#### [THE PROBLEM]
Each record below is to be copied word for word, with pictures removed.

#### [Short text fragments from websites]
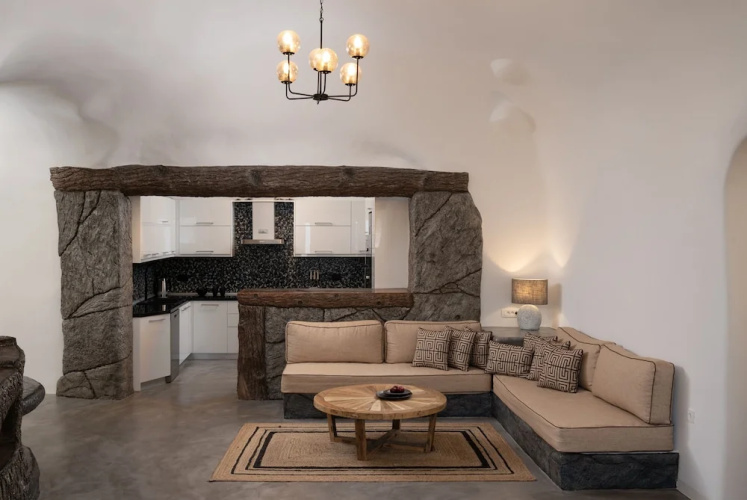 Occhio Villas Santorini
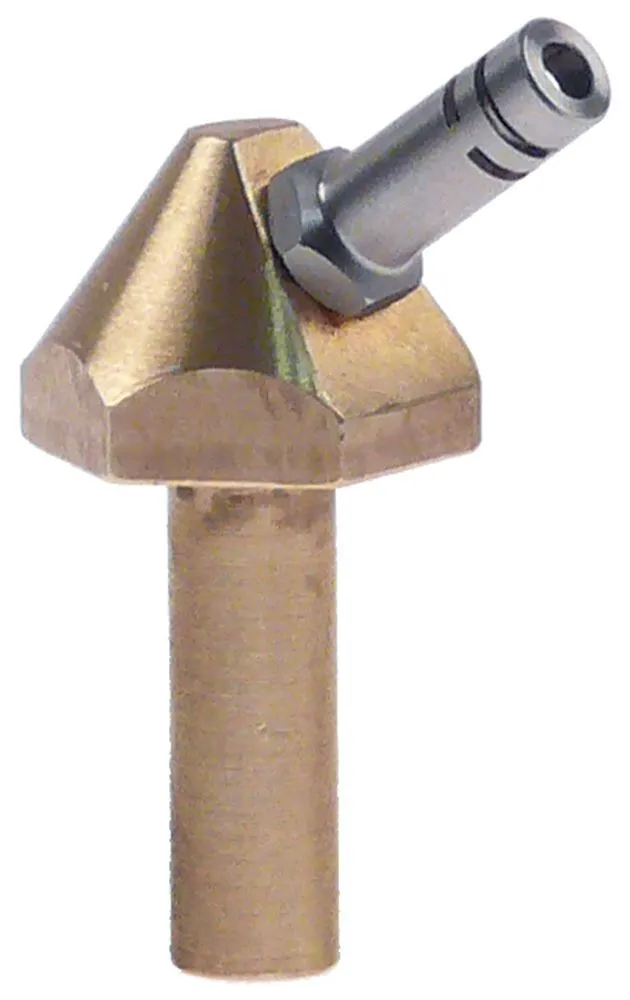 Zündbrenner für Lohberger SW 20 Bohrung 3mm Gesamtlänge 50mm 0,80mm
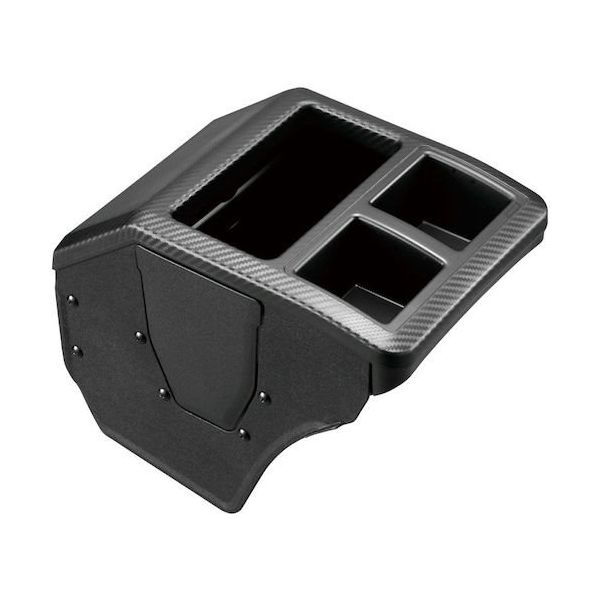 カーメイト エブリイ専用コンソールボックスプレミアム NZ826 1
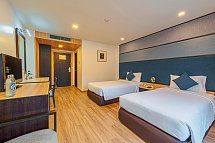 Sunbeam Hotel Pattaya - Wohnbeispiel Superior (Zimmercodierung US1)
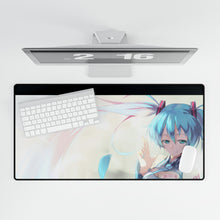 Load image into Gallery viewer, Anime Vocaloid Mouse Pad (Desk Mat)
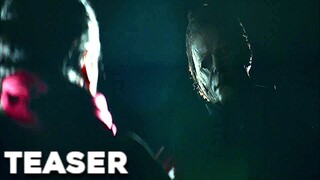 HALLOWEEN KILLS (2021) | TEASER TRAILER - Judy Greer, Jamie Lee Curtis, Anthony Michael Hall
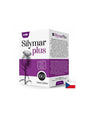 Silymar Plus – За здрав черен дроб С бял трън, холин и витамини 60 таблетки - Feel You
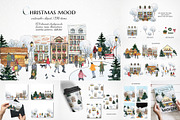 80% OFF! Bestsellers Bundle., a Seasonal Illustration by LyubovZaytseva (Thumbnail 14 of 23)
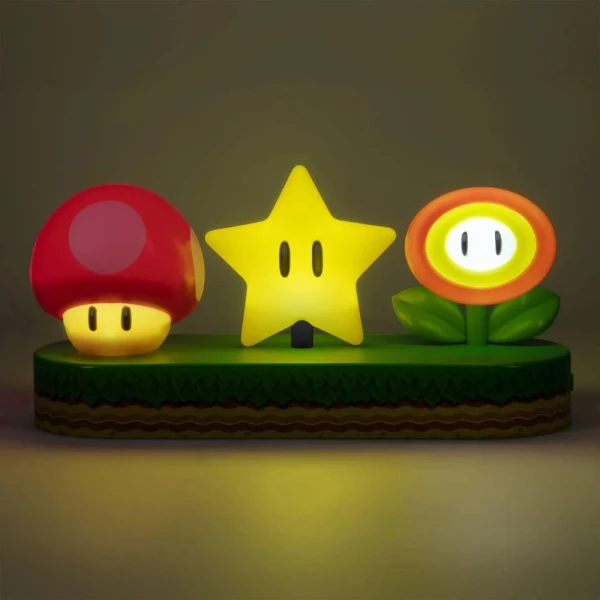 PALADONE SUPER MARIO ICONS LIGHT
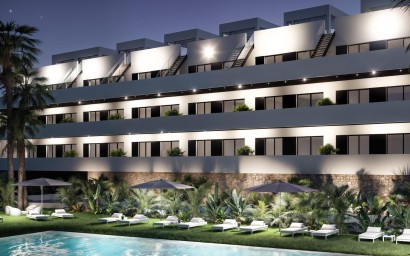 Apartment - Nieuwbouw Woningen - Finestrat - Balcón De Finestrat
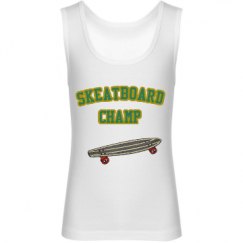 Youth Jersey Tank Top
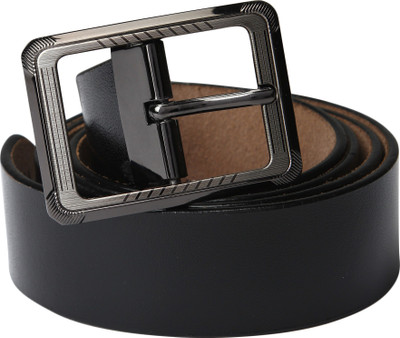 

Panache Men Casual, Party, Formal Black Genuine Leather Belt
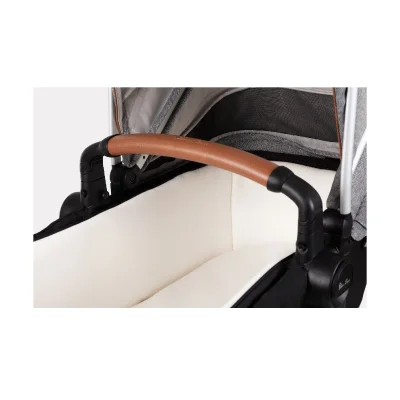 Silver Cross Wayfarer Special Edition 3in1 Travel System Bundle-Stone Grey (Exclusive to Kiddies Kingdom) — image 17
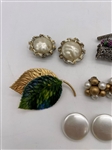 Group of Costume Jewelry: Made in Japan and Others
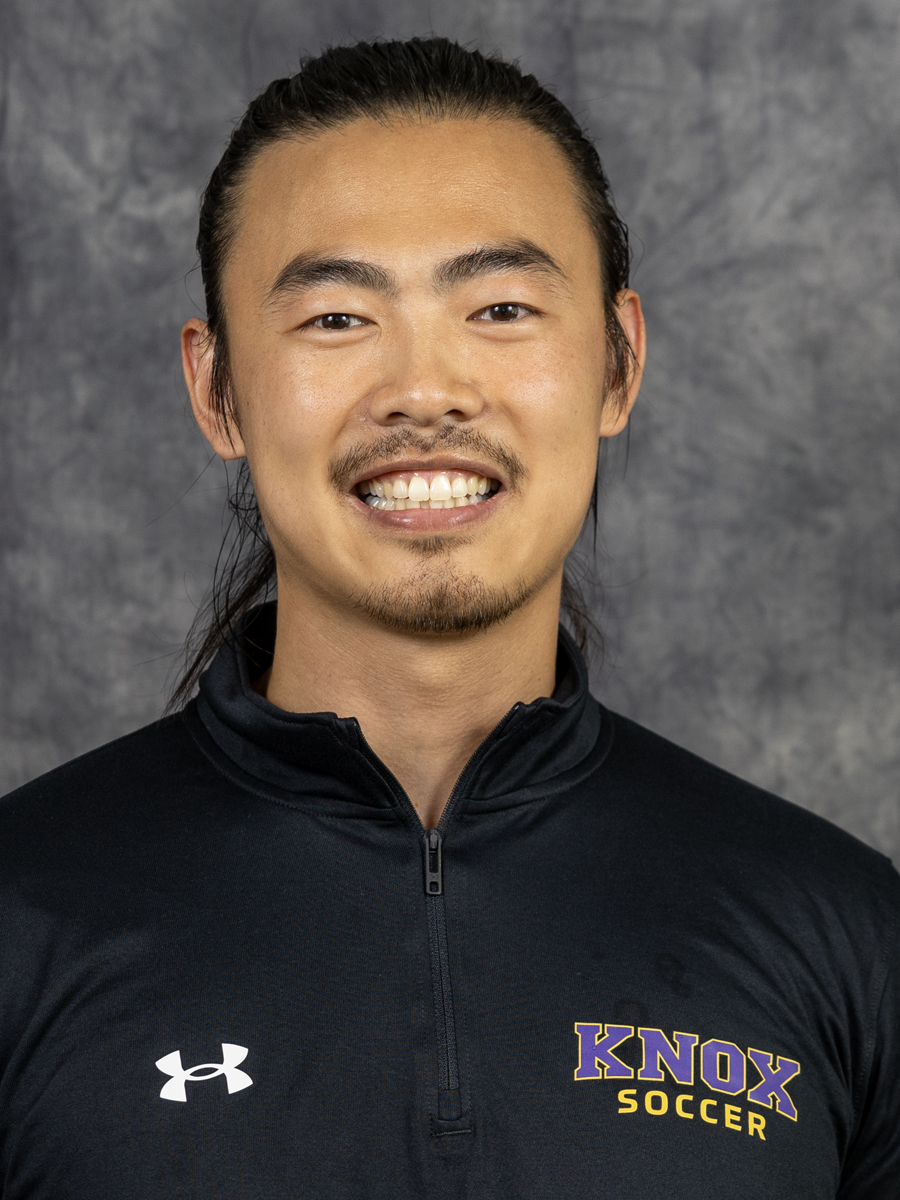 Coach Ming Lei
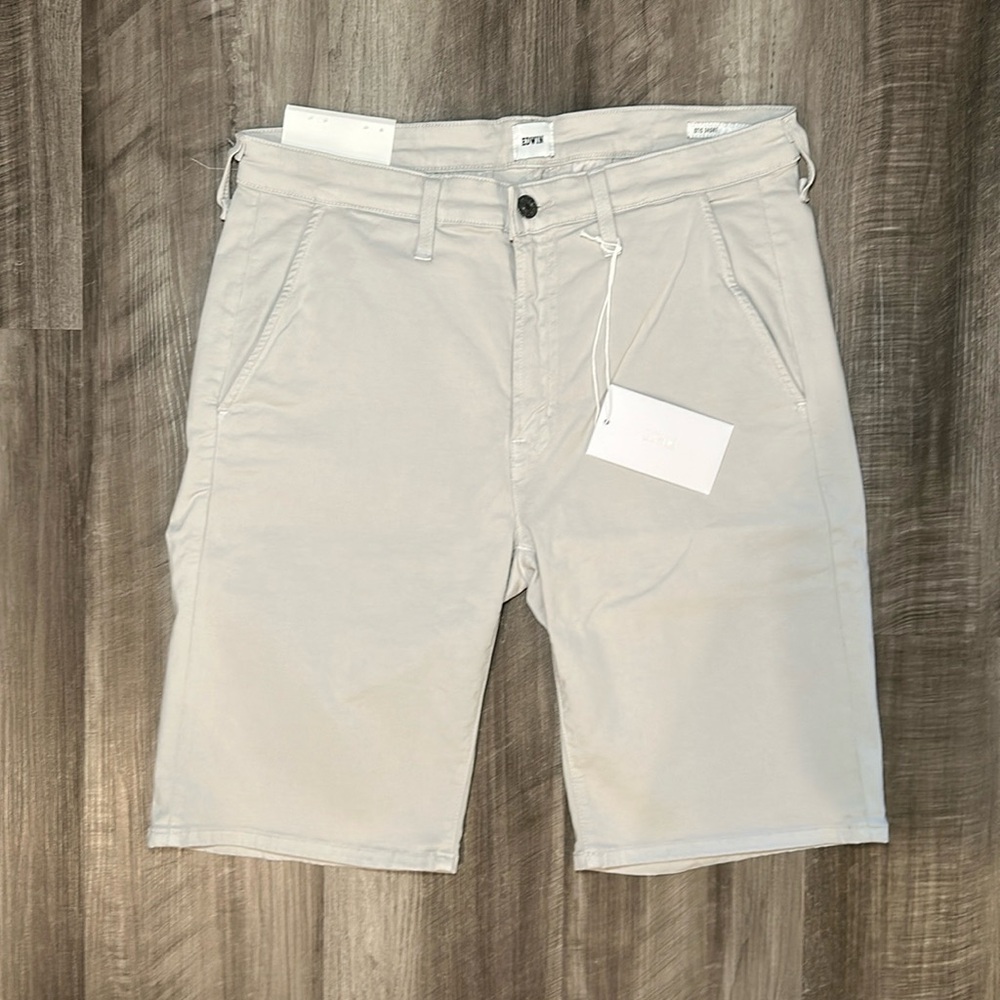 Edwin Endurance Otis Chino Shorts - 31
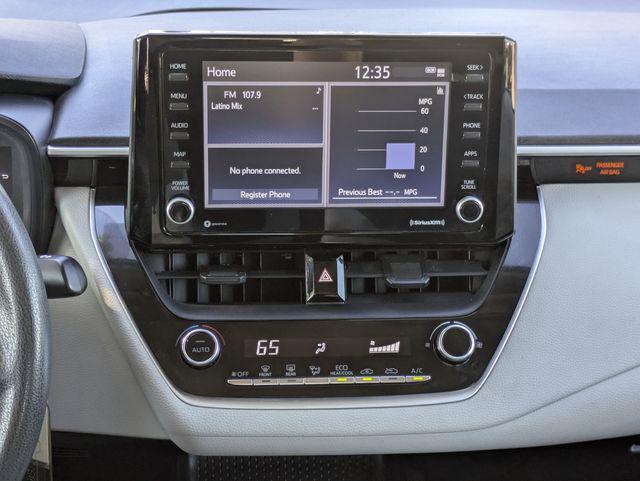 used 2022 Toyota Corolla car, priced at $18,506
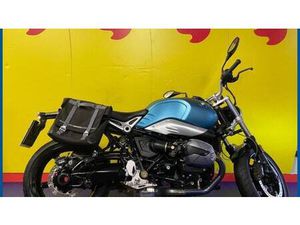 VENDO BMW R NINET PURE (2021 - 24) USATA A ROMA (CODICE 9640804) - MOTO.IT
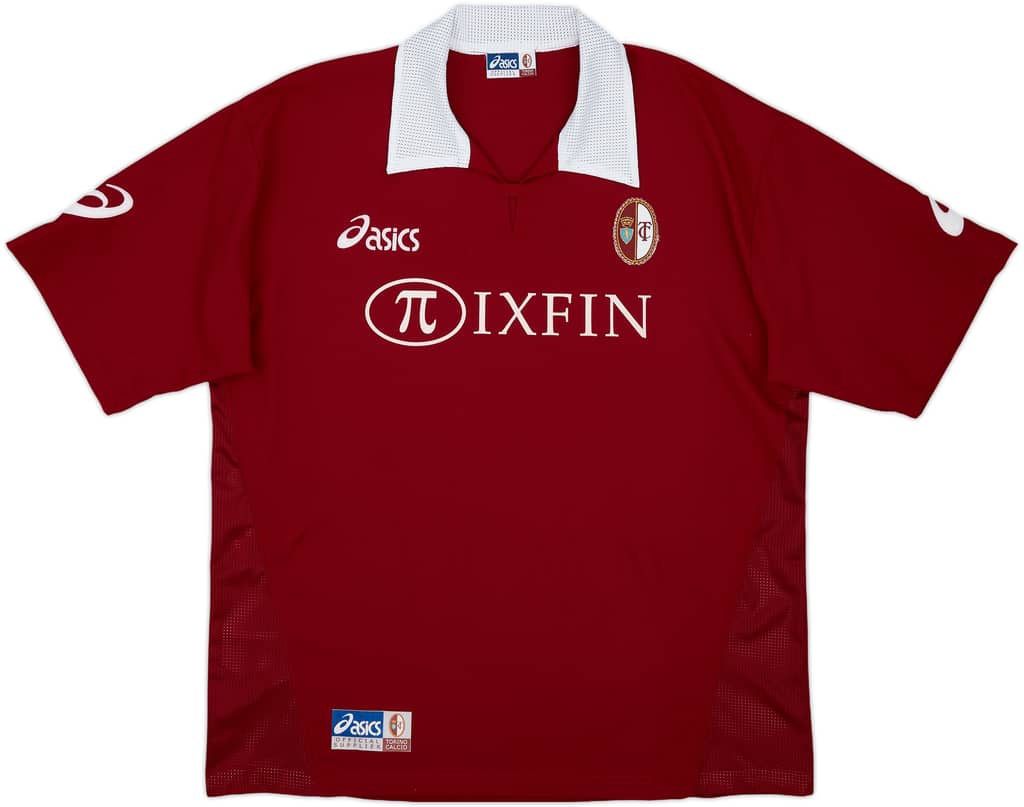 2002-03 Torino Home Shirt - 9/10 - (XL)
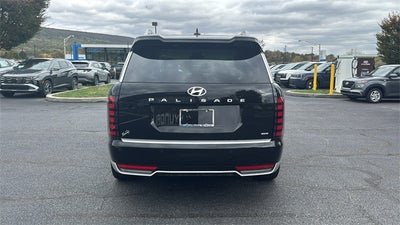 2026 Hyundai PALISADE Calligraphy AWD
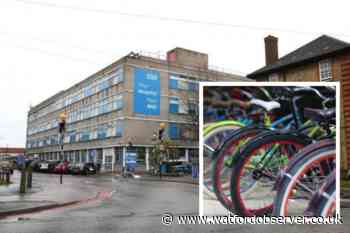 Watford Hospital staff warned over bike thefts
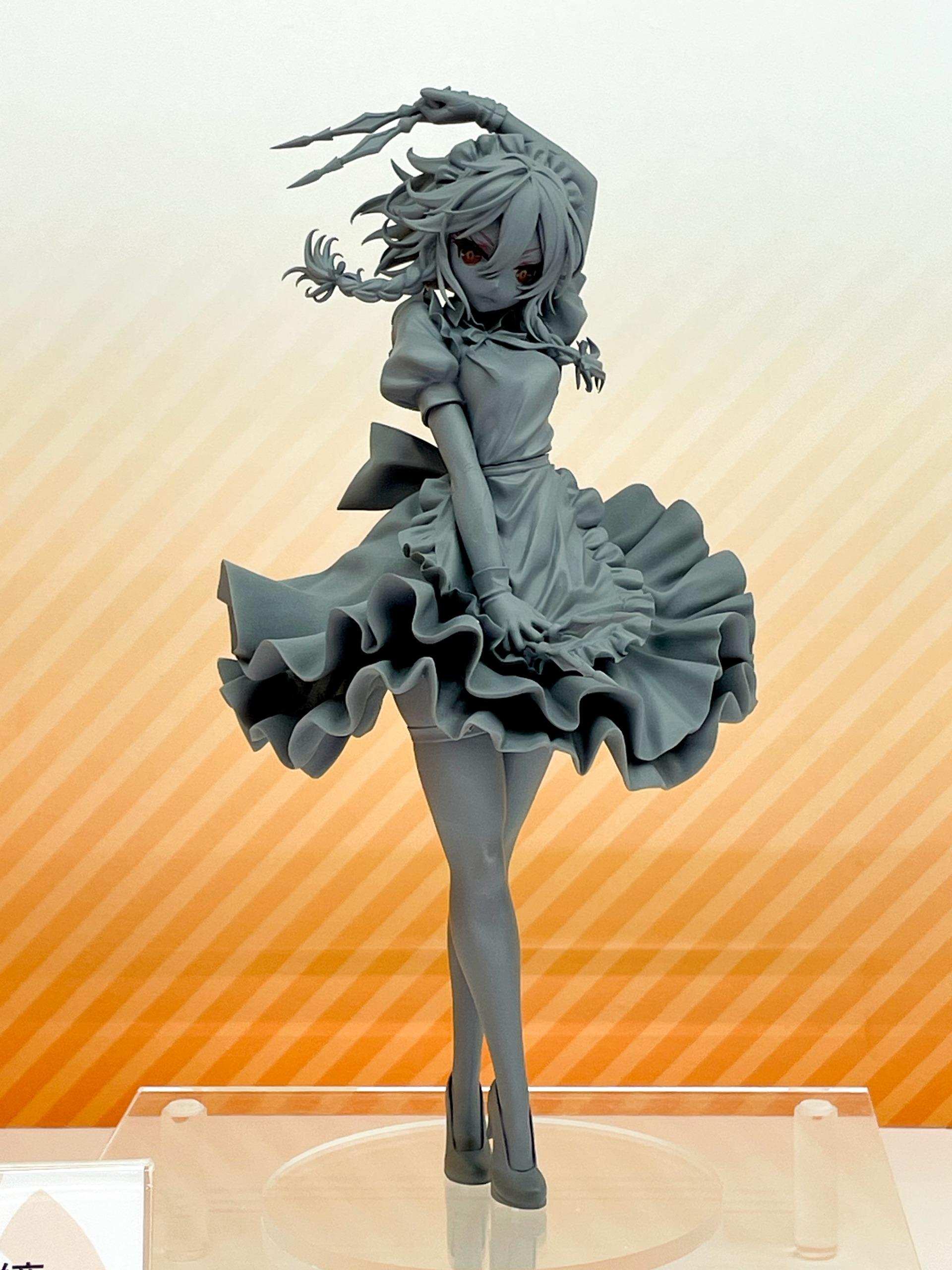 情報】WF2026W(ワンダーフェスティバル2026[冬]) 東方project預備通販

#### [EXPECTED OUTPUT]
 Occhio Villas Santorini
 Zündbrenner für Lohberger SW 20 Bohrung 3mm Gesamtlänge 50mm 0,80mm
 カーメイト エブリイ専用コンソールボックスプレミアム NZ826 1
 Sunbeam Hotel Pattaya - Wohnbeispiel Superior (Zimmercodierung US1)
 Load image into Gallery viewer, Anime Vocaloid Mouse Pad (Desk Mat)
 HALLOWEEN KILLS (2021) | TEASER TRAILER - Judy Greer, Jamie Lee Curtis, Anthony Michael Hall
 Silymar Plus – За здрав черен дроб С бял трън, холин и витамини 60 таблетки - Feel You
 80% OFF! Bestsellers Bundle., a Seasonal Illustration by LyubovZaytseva (Thumbnail 14 of 23)
 PALADONE SUPER MARIO ICONS LIGHT
 Apartment - Nieuwbouw Woningen - Finestrat - Balcón De Finestrat
 Youth Jersey Tank Top

Panache Men Casual, Party, Formal Black Genuine Leather Belt
 Silver Cross Wayfarer Special Edition 3in1 Travel System Bundle-Stone Grey (Exclusive to Kiddies Kingdom) — image 17
 Group of Costume Jewelry: Made in Japan and Others
 Coach Ming Lei
 Edwin Endurance Otis Chino Shorts - 31
 used 2022 Toyota Corolla car, priced at $18,506
 VENDO BMW R NINET PURE (2021 - 24) USATA A ROMA (CODICE 9640804) - MOTO.IT
 2002-03 Torino Home Shirt - 9/10 - (XL)
 2026 Hyundai PALISADE Calligraphy AWD
 Watford Hospital staff warned over bike thefts
 情報】WF2026W(ワンダーフェスティバル2026[冬]) 東方project預備通販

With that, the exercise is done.